Впрочем, на хулителей моих все это большого впечатления не произвело.
– Ты хоть знаешь, что сделают с нашим городом город пятьдесят тысяч хиппи? – орал кто–то из них. – Они его с землей сравняют. Это ж наркоманы – днем они буду грабить нас, а ночью коров насиловать.
Я открыл дверцу «бьюика», уселся за руль, а толпа продолжала орать мне в спину. Кое–кто даже колотил кулаками по стеклам машины. И многие повторяли:
– Мы еще покажем и тебе, и твоим сумасшедшим родителям! Ты слышишь нас, Тейхберг? Слышишь?

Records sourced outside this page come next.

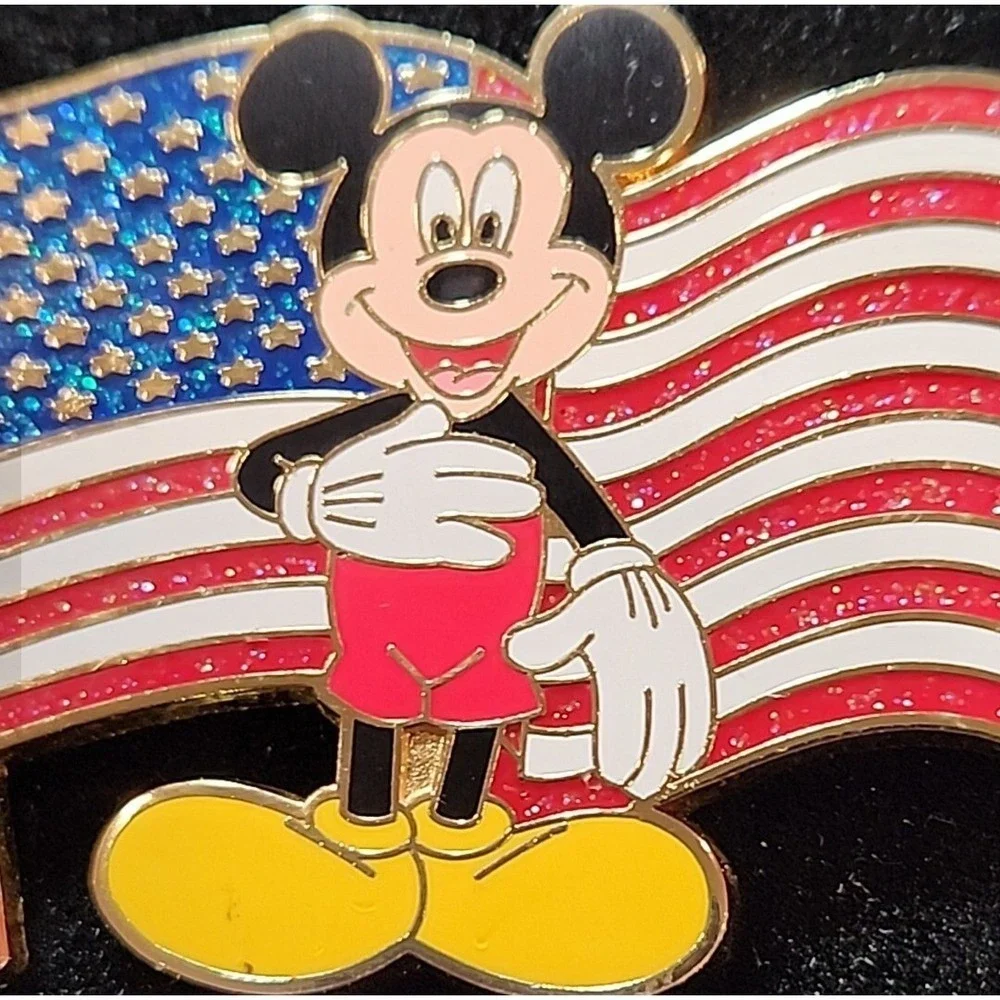 Disney Pin Old Glory Mickey Mouse American Flag Patriotic JUMBO LE‎ 125 70736 DS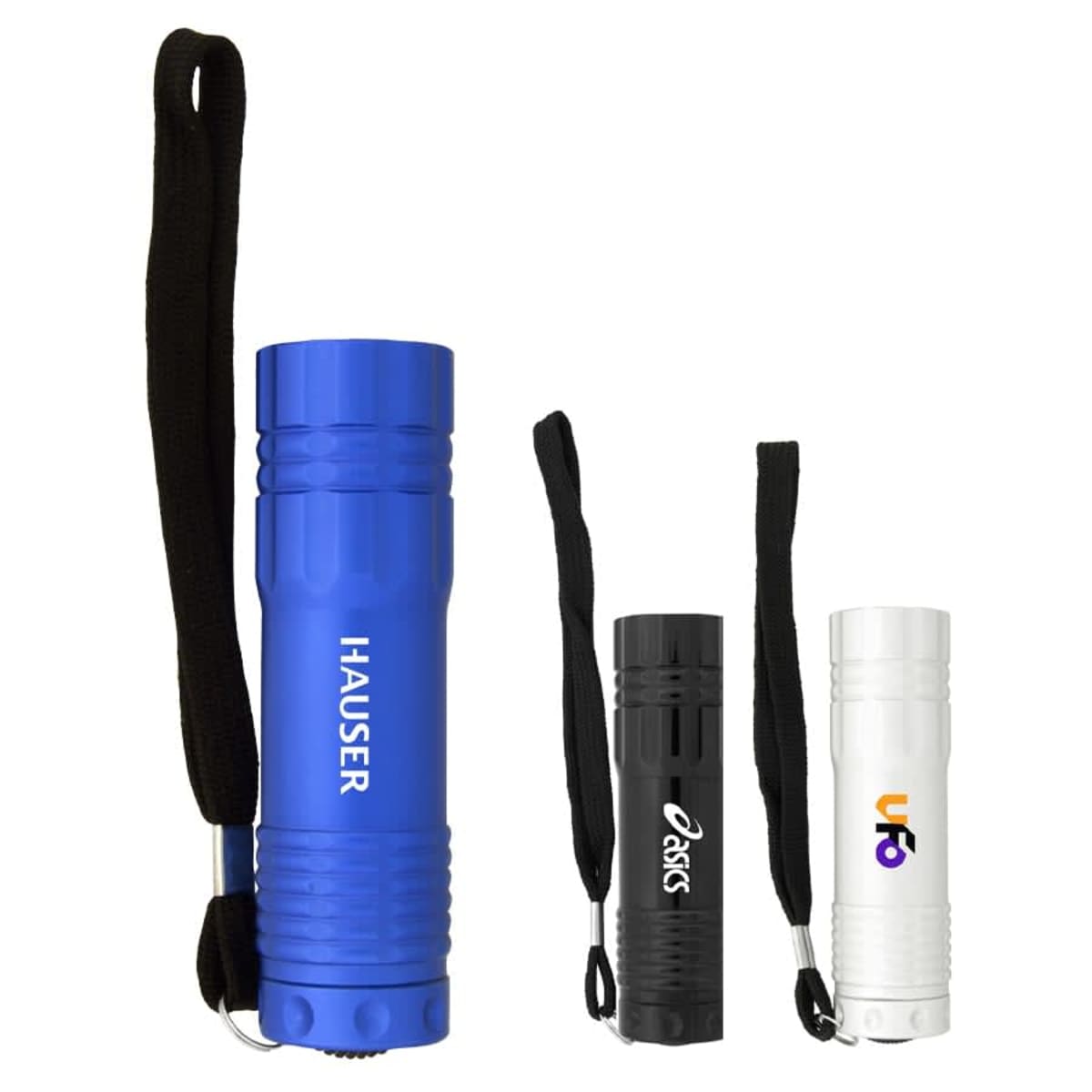 Three flashlights with wrist straps are shown. The flashlights are blue, black, and white in color, and each has a different logo printed on its body.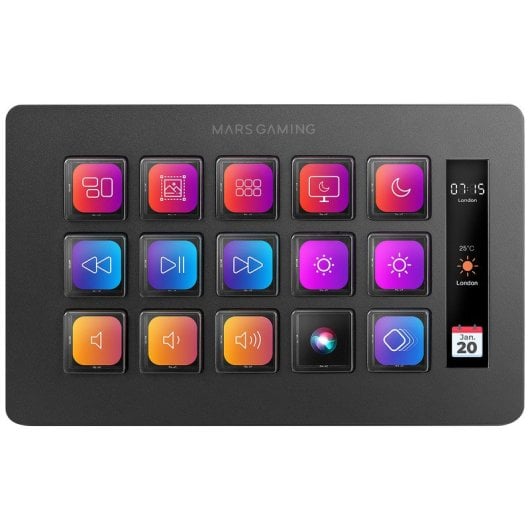 Mars Gaming MSD-ONE Control Deck Slim 15 Teclas Personalizables Pantalla LCD Windows y MacOS Negro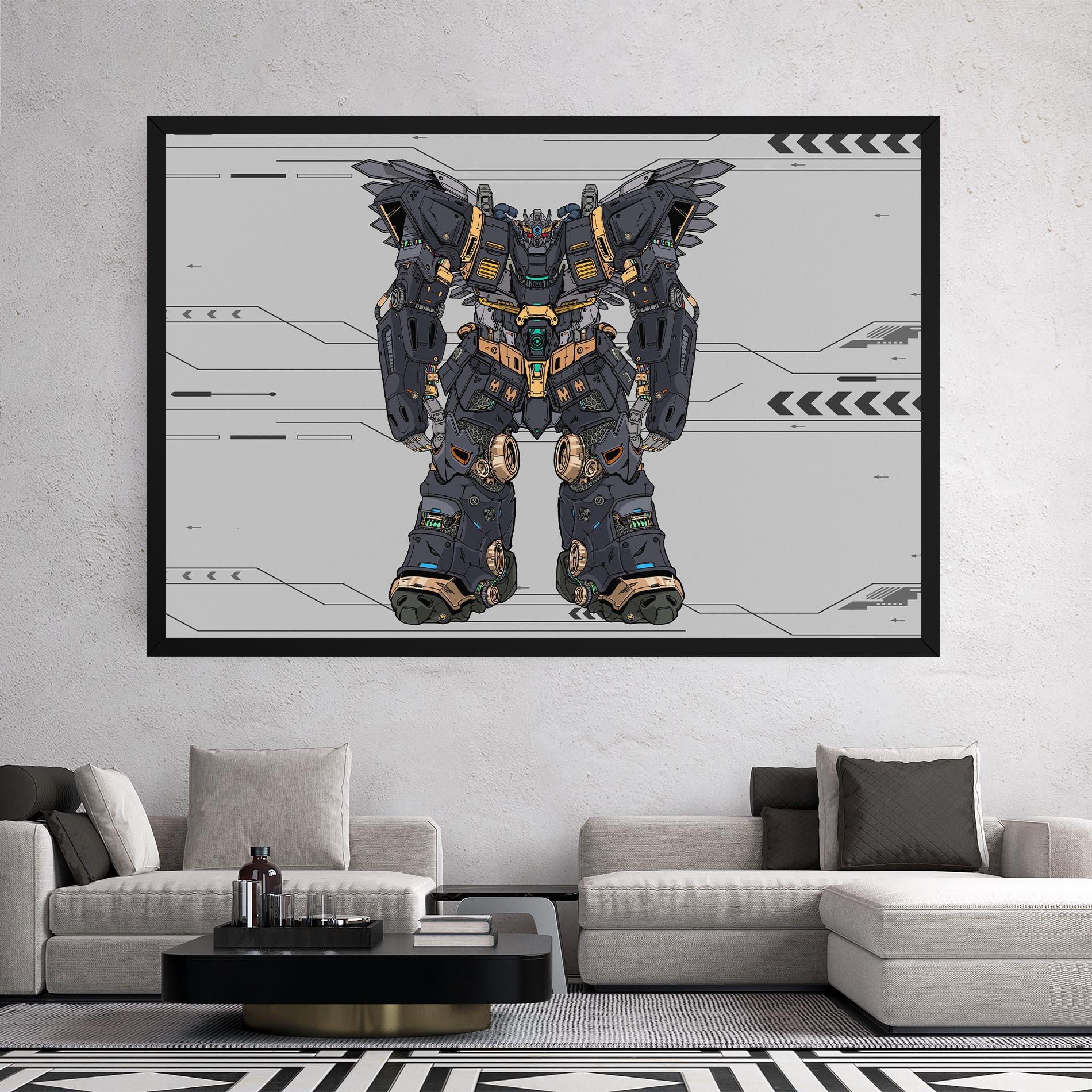 Leinwandbild Grey Yelloy Robot mockup 2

Это был хороший вопрос. Какая–то часть моего сознания с опаской регистрировала все происходившее, но другая тешила себя буйными фантазиями. Наконец–то, после более чем десяти лет надежд, они начинали осуществляться. Я жил в туристском городе, который не посещался туристами, да их сюда и заманить–то было нечем. Единственная претензия Бетела на место в истории состояла в том, что он был кладбищем мафиози. В 1920–х боссы мафии, приканчивая где–нибудь в Куинсе или Бруклине прежнего коллегу, совершали двухчасовую поездку по скоростной магистрали штата Нью–Йорк и зарывали труп в Уайт–Лейке, где его никто уже и никогда отыскать не мог. Это был город, в который и живые, и мертвые приезжали затем, чтобы исчезнуть навсегда. Теперь же его предстояло возвратить к жизни самому большому, какое когда–либо видел мир, сборищу людей.